EZ8 is an 8-bit processor architecture I designed to have a very simple encoding. The goal was to make the hardware implementation very easy and understandable. I implemented an EZ8 microcontroller in Verilog and ran it on an Arrow SoCKit Cyclone V development board.

Architecture Overview

The EZ8 architecture has an 8-bit address space and datapath with 16-bit instructions and a 12-bit instruction space. There is only one register, which is an accumulator register. Computational instructions like add, subtract, and bitwise operations take the accumulator and a memory address as arguments. There are also immediate versions of these instructions which take the accumulator and a literal as arguments.

The control flow instructions take the form of unconditional jumps, like goto, call, ret, and retint, or conditional skip instructions, which advance the program counter by +2 instead of +1 if a certain condition is met. The call instruction is an unconditional jump which saves the next instruction address on a stack before jumping. The ret instruction does the inverse, popping an instruction off the stack and jumping to that instruction. The EZ8’s stack has space for 15 instructions.

Microarchitecture Overview

The microarchitecture of the processor consists of a 3-stage in-order pipeline. The stages of the pipeline are instruction decode, memory read / execute, and memory writeback.

Here’s a simplified block diagram.

EZ8

The pipeline is mostly pretty straightforward. Bypassing the output of the ALU to the input of the memory controller resolves read-after-write hazards without having to stall or insert NOPs into the pipeline.

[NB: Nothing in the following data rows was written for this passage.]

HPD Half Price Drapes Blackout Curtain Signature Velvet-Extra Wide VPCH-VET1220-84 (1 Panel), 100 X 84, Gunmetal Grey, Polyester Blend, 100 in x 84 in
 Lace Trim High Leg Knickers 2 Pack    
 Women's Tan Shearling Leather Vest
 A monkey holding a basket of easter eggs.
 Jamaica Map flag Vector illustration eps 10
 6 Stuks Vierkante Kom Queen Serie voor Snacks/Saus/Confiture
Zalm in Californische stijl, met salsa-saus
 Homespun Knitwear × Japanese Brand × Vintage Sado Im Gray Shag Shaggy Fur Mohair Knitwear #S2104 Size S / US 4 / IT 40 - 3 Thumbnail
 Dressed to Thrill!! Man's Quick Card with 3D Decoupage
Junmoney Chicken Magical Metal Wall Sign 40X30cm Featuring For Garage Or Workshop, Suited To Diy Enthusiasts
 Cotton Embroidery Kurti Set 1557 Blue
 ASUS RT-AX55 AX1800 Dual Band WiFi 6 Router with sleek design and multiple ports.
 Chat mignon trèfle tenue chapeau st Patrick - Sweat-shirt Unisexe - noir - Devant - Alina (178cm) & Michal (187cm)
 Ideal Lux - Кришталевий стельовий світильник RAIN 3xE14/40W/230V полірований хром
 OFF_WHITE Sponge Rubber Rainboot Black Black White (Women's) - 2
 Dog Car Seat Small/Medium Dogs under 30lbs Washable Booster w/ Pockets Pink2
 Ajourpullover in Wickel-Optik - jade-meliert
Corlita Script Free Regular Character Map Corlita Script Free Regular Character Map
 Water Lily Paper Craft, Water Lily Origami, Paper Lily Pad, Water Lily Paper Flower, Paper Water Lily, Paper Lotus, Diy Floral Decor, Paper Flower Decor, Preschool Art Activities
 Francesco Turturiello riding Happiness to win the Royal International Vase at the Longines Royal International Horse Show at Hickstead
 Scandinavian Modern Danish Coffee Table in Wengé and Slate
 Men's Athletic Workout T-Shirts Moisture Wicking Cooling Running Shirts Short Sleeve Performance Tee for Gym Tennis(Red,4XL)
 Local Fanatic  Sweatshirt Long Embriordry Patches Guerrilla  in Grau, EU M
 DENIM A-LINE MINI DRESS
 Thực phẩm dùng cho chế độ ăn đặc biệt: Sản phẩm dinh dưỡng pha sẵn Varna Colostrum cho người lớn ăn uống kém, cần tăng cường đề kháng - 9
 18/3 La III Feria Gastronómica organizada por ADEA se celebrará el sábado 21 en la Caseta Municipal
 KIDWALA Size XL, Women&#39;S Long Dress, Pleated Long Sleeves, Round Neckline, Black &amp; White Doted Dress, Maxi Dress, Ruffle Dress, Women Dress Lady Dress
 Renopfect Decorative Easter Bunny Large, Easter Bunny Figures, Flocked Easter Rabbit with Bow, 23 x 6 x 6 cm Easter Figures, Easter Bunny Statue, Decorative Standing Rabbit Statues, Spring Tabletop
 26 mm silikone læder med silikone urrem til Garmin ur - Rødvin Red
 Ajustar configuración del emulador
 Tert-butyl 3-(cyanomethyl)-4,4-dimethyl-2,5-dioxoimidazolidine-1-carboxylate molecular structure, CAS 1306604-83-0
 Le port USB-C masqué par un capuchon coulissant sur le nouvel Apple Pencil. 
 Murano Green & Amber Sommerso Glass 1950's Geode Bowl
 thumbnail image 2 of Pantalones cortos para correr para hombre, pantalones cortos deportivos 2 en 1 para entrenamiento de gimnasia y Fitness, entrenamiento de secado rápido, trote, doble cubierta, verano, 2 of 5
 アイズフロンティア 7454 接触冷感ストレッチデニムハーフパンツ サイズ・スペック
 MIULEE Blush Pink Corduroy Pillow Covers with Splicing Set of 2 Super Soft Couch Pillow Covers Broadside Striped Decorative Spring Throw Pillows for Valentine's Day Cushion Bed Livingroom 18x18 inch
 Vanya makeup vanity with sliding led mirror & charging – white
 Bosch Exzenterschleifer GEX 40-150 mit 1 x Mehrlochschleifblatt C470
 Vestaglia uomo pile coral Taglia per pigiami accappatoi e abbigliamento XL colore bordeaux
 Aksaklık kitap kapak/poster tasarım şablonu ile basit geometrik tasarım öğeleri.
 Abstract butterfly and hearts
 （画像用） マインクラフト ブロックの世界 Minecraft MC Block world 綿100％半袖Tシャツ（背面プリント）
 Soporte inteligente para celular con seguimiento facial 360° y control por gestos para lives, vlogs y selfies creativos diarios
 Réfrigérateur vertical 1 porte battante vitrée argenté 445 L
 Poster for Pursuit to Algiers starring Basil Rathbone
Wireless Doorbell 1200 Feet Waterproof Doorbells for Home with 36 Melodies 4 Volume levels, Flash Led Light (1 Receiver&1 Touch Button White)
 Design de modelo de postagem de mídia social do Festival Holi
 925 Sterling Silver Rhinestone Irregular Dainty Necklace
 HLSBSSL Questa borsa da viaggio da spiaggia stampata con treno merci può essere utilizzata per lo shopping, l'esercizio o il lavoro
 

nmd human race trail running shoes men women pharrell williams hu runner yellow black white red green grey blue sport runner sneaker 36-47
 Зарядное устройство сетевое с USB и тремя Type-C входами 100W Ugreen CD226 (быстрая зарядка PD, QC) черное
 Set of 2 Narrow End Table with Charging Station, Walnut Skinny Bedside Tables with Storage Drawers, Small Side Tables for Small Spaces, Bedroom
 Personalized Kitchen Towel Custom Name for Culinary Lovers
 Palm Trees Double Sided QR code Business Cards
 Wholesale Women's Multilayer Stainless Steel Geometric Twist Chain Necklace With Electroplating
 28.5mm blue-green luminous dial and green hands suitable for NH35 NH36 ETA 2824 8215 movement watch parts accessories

The most complicated logic is built into the program counter controller. This unit resolves the control hazards that arise. It does this by sending the kill instruction, which disables writeback to the data memory, effectively turning a previously issued instruction into a NOP. If an instruction is an unconditional jump, the controller is not aware of this until after instruction decode, 1 cycle after issue. When an unconditional jump is detected, the controller kills the instruction issued after the jump instruction and then changes the program counter to the correct address. If a skip occurs, the controller does not know of it until 2 cycles after issuing the instruction. When a skip is detected, the controller kills the instruction after the skip and then continues as normal.

Functionality

The microcontroller can interface with simple peripherals like leds, keys, switches, and a millisecond-precision timer through memory-mapped IO. I was able to program the microcontroller onto the Cyclone V FPGA and run an example program that swept LEDs back and forth either at regular intervals or on the press of a button, depending on the setting of a switch.

I also implemented a software emulator and an assembler for EZ8 assembly. The Verilog descriptions, software source code, and documentation can be found on Github.